Unique collaborations are also emerging from the diverse and burgeoning Media Enterprise landscape. A new partnership between ASU-owned Arizona PBS in Phoenix and Zócalo Public Square, a nonprofit creative unit of ASU based in Los Angeles, is one such collaboration that shows the enterprise’s function as a cross-multiplier at work.

With ASU as a common denominator, Arizona PBS and Zócalo found a collaborative solution for their content and distribution needs in late 2021. The broadcast partnership now channels content curated from Zócalo’s almost 20-year archive of recorded events to viewers of the Arizona PBS World channel and is reaching new audiences outside of Los Angeles for Zócalo as a result. 

Moving its headquarters from Washington, D.C., to ASU’s Cronkite School in 2019 has also resulted in production expansion and new audience reach for Indigenous-focused Indian Country Today. The digital news publication is enjoying gains in content reach beyond the print medium with the production of a weekday news show that began airing on Arizona PBS in 2020.

Patty Talahongva, host and executive producer of Indian Country Today, says the partnership is also helping public TV stations increase their coverage of Native American communities, adding that viewer response has been overwhelmingly positive.

“People have contacted me from across the country, and they always start out by saying, 'I’m not Native but I like your newscast,' and sometimes they say, ‘Is it OK if I watch?’” Talahongva said. She said that her response is always “yes” and “please tell all of your other non-Native friends to watch.”

Cross functional channels

Some ASU media collaborators are also forging partnerships with external media outlets, like the partnership that has evolved between Zócalo and the Los Angeles Times. Zócalo, working with Times opinion editors, is now producing op-ed content for the Times to distribute as exclusive first publications in print, online and additional formats.

Transformations also holds independent publisher status with the Los Angeles Review of Books and recently signed a partnership with Temple University Press to publish books along the themes of justice, equity, diversity and inclusion, according to Steven Beschloss, Transformations’ executive editor.

Beschloss says Transformations literally has been transformative for ASU scholars and others looking to share their research and perspective through the personal narrative format that drives the channel.

“The successful ones are always embedded in a larger social, political, economic, cultural context,” Beschloss said. “A lot of people from ASU, but also faculty and academics from elsewhere, oftentimes have no experience writing narrative and no experience thinking about what you need to write a narrative, which is about observations.
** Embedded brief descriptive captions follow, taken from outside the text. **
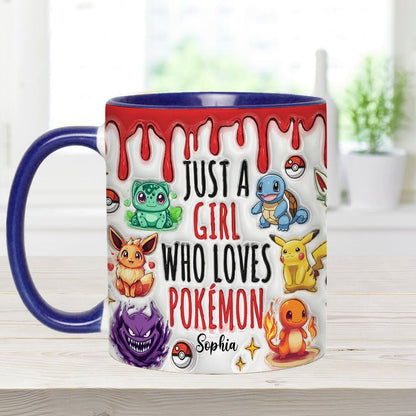 Just A Girl Who Loves Cute Monsters - Personalized Monster Trainer Accent Mug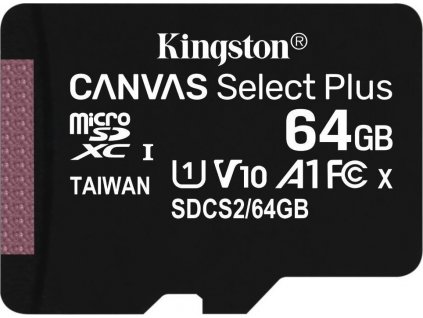 Kingston 64GB micSDXC Canvas Select Plus 100R A1 C10 - 1 ks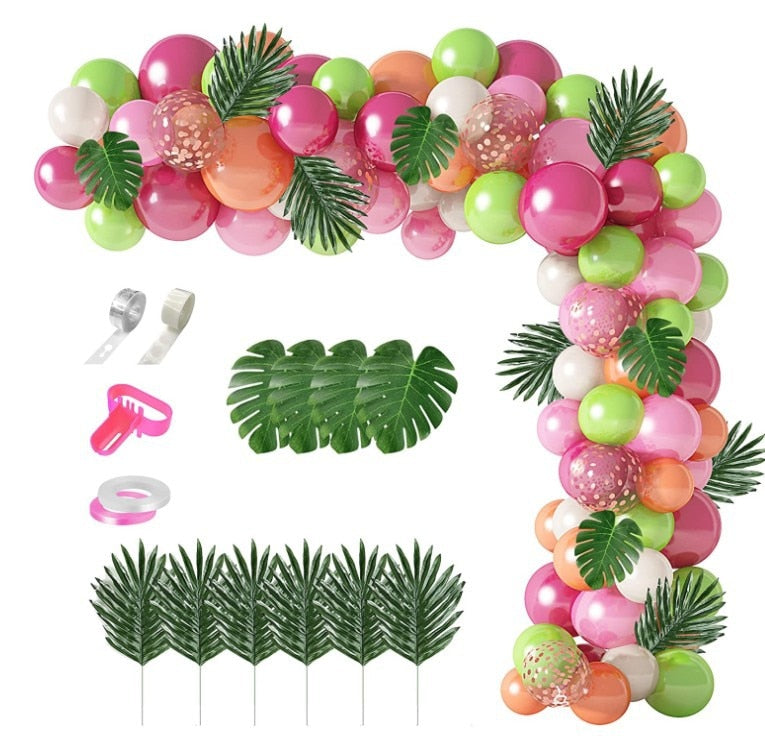 Pink Green Balloons Garland Arch Kit Palm Leaves Girl Hawaiian Theme Birthday Baby Shower Wedding Party Decoration Inflatable Decorations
But that door opens, and suddenly you find really interesting people who have something really interesting to say when they let themselves go there.”

Highlighting her enterprise’s growing suite of media platforms that also includes engagement with MIT Press, Diana Ayton-Shenker — CEO of ASU-affiliated Leonardo/International Society of Art, Science, Technology — said she was open to engaging with and supporting the efforts of ASU Media Enterprise to grow the interests of the growing collective.

“We are focused on the arts, science, technology,” Ayton-Shenker said. “So interdisciplinary, transdisciplinary, creative, forward-looking, outside-the-box, blow your mind — imagine what that could be.”

Global rise and reach

What ASU Media Enterprise could be is a lot of things, in addition to growing individual media channels into the best versions of themselves with the support of the larger enterprise, according to Parrish.

She says collaborating as a collective is an important starting point in the Media Enterprise’s aim to elevate storytelling and create a content pipeline across the ASU network to provide information to the public and scale channels for narrative research in the ongoing global effort to solve for “x.”

“We want to develop programs that really support the economic, social, cultural and overall health of people and communities,” she said. “We want to create connections, whether that’s using existing media properties, using ASU spaces or through live and virtual events. The Media Enterprise, with all of these connected media properties, can literally help us expand knowledge across the country and around the world.”